In the forth of four stages of the PACE Framework of Google, lies the Evaluate stage.
The first data model that you produce will almost never be the one that gets deployed. Why? It’s an iterative process. The iterative process provides the information needed to get the model working optimally. After tweaking the parameters or changing how features are engineered in each model, the performance metrics provide a basis for comparing the models to each other and against themselves.
Here are the four main evaluation metrics for supervised categorical machine learning models.
- Accuracy
- Precision
- Recall
- F1 Score
Accuracy
Accuracy reflects the number of correct predictions divided by the total number of predictions. Accuracy is the proportion of data points that are correctly classified. Accuracy is a good metric only when the data is fairly well balanced, meaning that there are roughly the same number of positives and negatives.
Precision
Precision measures what proportion of positive predictions were correct. Precision is calculated by dividing the number of true positives by the sum of the true and false positives. For example, if the model predicted that something was going to be present, how many times was it actually present? This something could be a disease in a person or malware on a computer or something else.
Recall
Recall finds the proportion of actual positives that were identified correctly. Recall is calculated by dividing the number of true positives, by the sum of the true positives and false negatives. Precision is a good metric to use when it’s important to avoid false positives. For example, if your model is designed to initially screen out ineligible loan applicants before a human review, then it’s best to err on the side of caution and not automatically disqualify people before a person can review the case more carefully. Recall is a good metric to use when it’s important that you identify as many true responders as possible. For example, if your model is identifying poisonous mushrooms, it’s better to identify all of the true occurrences of poisonous mushrooms, even if that means making a few more false positive predictions.
F1 Score
F1 score combines both precision and recall in one metric. This combination is known as the harmonic mean.
Unbalanced Datasets
Precision, recall and F1 score are especially useful for measuring unbalanced classes. Accuracy is not.
Spam Detection Example
What does a “false positive” mean. Suppose you have a model that attempts to predict spam. It looks for email characteristics that might indicate it is spam. A false positive means that the model predicted positive (a spam) but it really was not a spam. So the first word is reality and the second word is the prediction.
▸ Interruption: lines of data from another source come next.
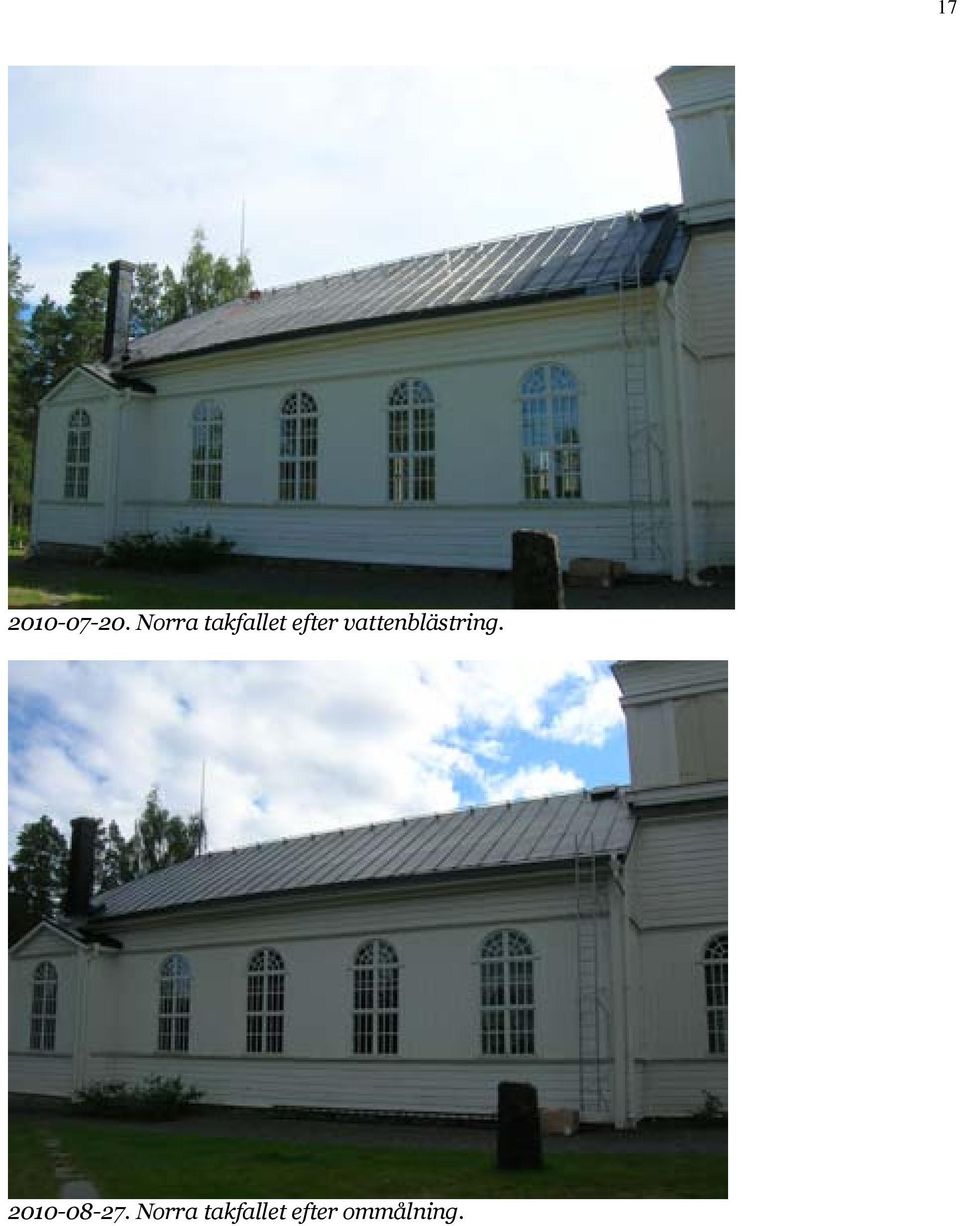 vattenblästring.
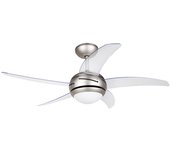 Ventilador de techo con luz Orbegozo CP 54132, 5 aspas, 5 velocidades, 112 cm de diámetro, 55 W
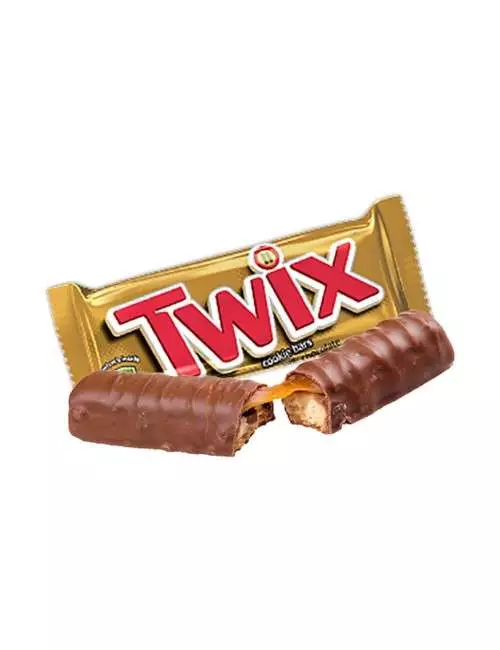 TWIX barra de chocolate con leche con galleta y caramelo 25 piezas de 50g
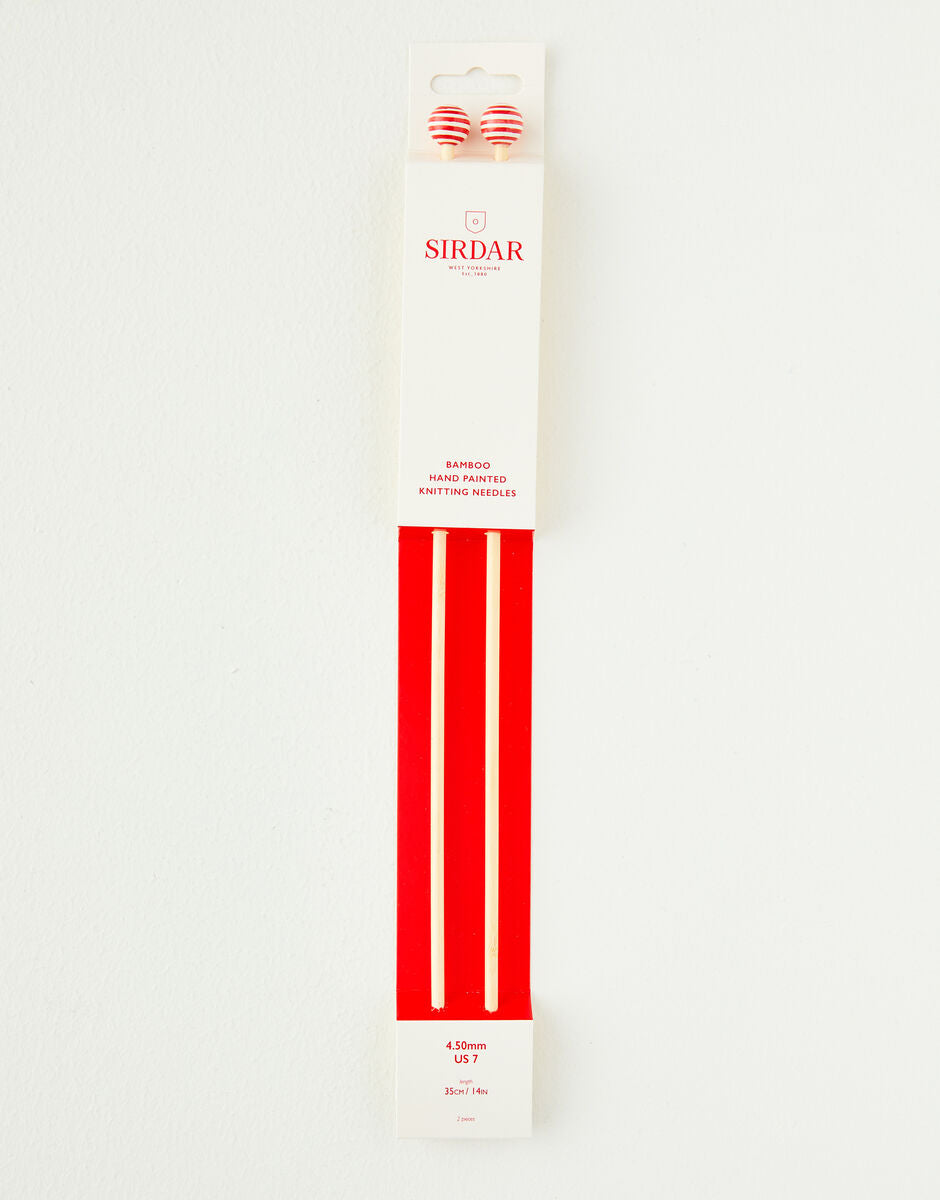 35cm Bamboo Needles - 4.50mm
A “false negative” would mean that the model predicted that it was not spam, but in reality it was spam. Where is the risk? There is a cost to being too aggressive and putting too many good emails into the spam folder. You could easily miss important messages. Precision is a good metric to use for spam detection.
In this spam example, you may have built a binomial logistic regression model.
Fraud Detection
In this example, you are building a model that is trying to detect fraudulent transactions. A “false negative” is predicting a transaction that is actually fraudulent as safe. We don’t want bad transactions to slip through. We want to be aggressive in predicting fraud. A false positive isn’t so risky. This is where we thought it was fraud, but it really wasn’t fraud. In this case, recall is a good metric to use.
What kinds of business problems would be best addressed by supervised learning models? What requirements are needed to create effective supervised learning models?